**SOURCE RECORDS**
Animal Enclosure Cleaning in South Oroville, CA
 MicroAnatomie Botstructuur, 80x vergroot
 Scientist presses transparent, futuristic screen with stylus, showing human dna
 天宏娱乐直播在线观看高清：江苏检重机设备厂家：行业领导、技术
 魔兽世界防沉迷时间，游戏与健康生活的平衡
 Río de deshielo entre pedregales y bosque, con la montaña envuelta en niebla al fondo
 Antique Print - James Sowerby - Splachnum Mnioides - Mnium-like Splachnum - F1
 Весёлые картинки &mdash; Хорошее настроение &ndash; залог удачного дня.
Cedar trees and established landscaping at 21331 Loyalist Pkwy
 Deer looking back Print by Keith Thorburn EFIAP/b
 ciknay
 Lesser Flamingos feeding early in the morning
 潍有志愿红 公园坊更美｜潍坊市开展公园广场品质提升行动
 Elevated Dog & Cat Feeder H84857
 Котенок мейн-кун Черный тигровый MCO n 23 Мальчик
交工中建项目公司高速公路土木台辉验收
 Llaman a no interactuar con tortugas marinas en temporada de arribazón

**BRIEF**
The response is the exact set of lines from the one holding "MicroAnatomie Botstructuur, 80x vergroot" through the last line of the material.

**RESPONSE TO THIS EXERCISE**
 MicroAnatomie Botstructuur, 80x vergroot
 Scientist presses transparent, futuristic screen with stylus, showing human dna
 天宏娱乐直播在线观看高清：江苏检重机设备厂家：行业领导、技术
 魔兽世界防沉迷时间，游戏与健康生活的平衡
 Río de deshielo entre pedregales y bosque, con la montaña envuelta en niebla al fondo
 Antique Print - James Sowerby - Splachnum Mnioides - Mnium-like Splachnum - F1
 Весёлые картинки &mdash; Хорошее настроение &ndash; залог удачного дня.
Cedar trees and established landscaping at 21331 Loyalist Pkwy
 Deer looking back Print by Keith Thorburn EFIAP/b
 ciknay
 Lesser Flamingos feeding early in the morning
 潍有志愿红 公园坊更美｜潍坊市开展公园广场品质提升行动
 Elevated Dog & Cat Feeder H84857
 Котенок мейн-кун Черный тигровый MCO n 23 Мальчик
交工中建项目公司高速公路土木台辉验收
 Llaman a no interactuar con tortugas marinas en temporada de arribazón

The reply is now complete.